Image by Stuart Butler
My Visit To Reteti
By Ashley Anderson, Saruni Marketing
Staring out across miles and miles of untidy scrubland on the way to The Reteti Elephant Sanctuary, I couldn’t help but wonder how this community-run sanctuary worked. Our guide told us that it was designed to rescue and release orphaned and abandoned animals, particularly elephant calves, while creating much-needed benefits for the local people living alongside them. Had they managed to hit the sweet spot between supporting the local community and safeguarding the wildlife living in the area? I was keen to find out!
We arrived and were greeted by the Reteti team. Dorothy, one of the senior elephant ‘keepers’ talked us through the project; how they worked and briefed us on all the animals currently in their care.

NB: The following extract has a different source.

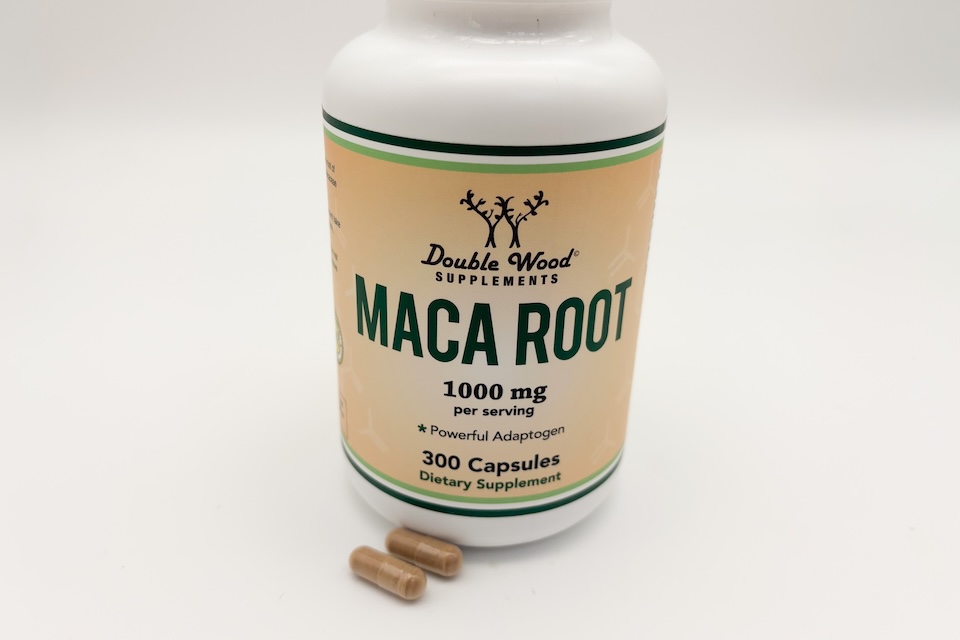 DoubleWood as best overall maca root supplement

Interestingly, she told us that not all the rescued elephants were from human-wildlife conflict. Instead many at the Sanctuary were actually casualties of drought, abandonment and accidents involving infants falling into wells.

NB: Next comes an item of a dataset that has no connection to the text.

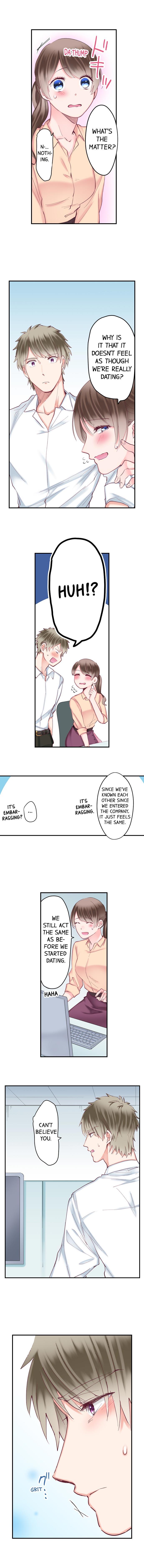 70% of Overtime Workers Will Have Sex chapter 37 page 5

The young animals are cared for by a team of dedicated keepers, recruited from the local communities. I was surprised and pleased to see how many women were on the team. As Dorothy said, we are used to looking after our babies, so it is natural for us to look after these babies.
The professional mobile rescue unit manages to save around five to ten calves in northern Kenya each year, many of whom are returned directly back to their herds.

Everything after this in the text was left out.